■ Dataset ■
========================

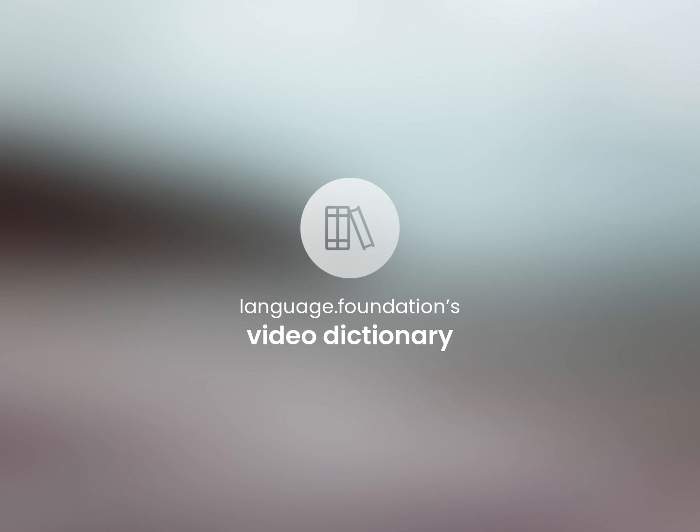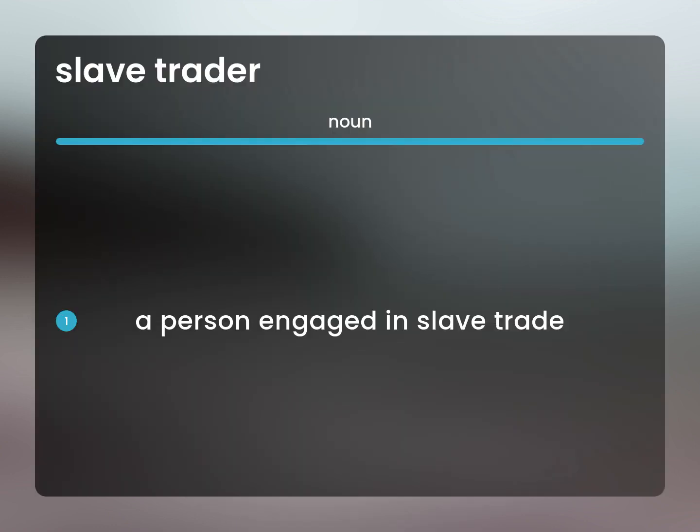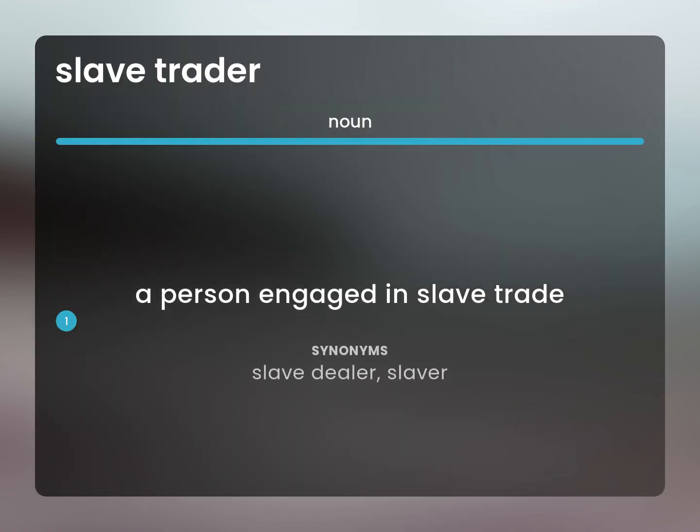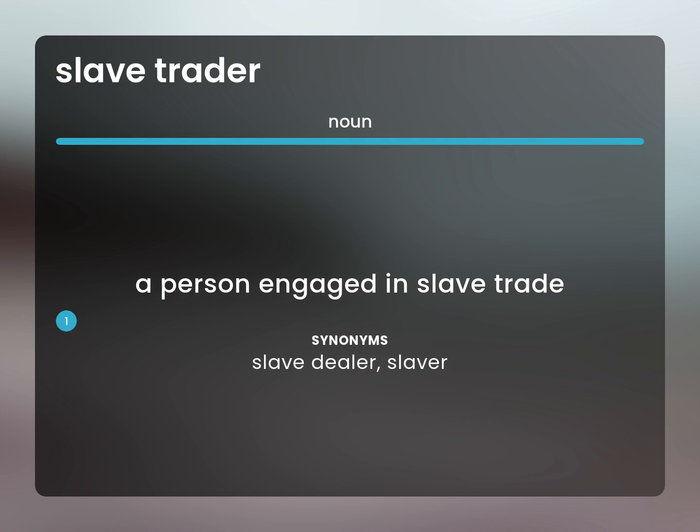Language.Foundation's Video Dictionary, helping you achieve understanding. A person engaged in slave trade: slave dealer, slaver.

========================

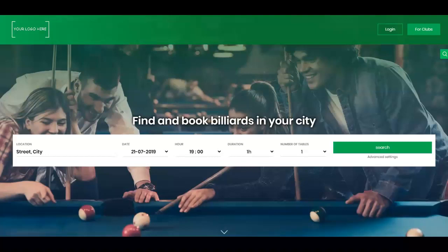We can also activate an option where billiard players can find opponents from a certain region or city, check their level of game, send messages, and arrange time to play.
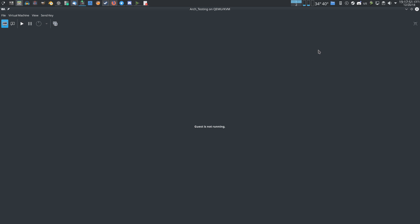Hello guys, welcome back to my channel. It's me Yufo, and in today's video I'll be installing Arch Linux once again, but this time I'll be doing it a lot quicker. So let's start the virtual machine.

========================

■ Exercise brief ■
Give back the exact lines above, running from the one that has "We can also" through the one that has "Hello guys, welcome", with nothing added and no pictures.

■ Solution for this exercise ■
We can also activate an option where billiard players can find opponents from a certain region or city, check their level of game, send messages, and arrange time to play.
Hello guys, welcome back to my channel. It's me Yufo, and in today's video I'll be installing Arch Linux once again, but this time I'll be doing it a lot quicker. So let's start the virtual machine.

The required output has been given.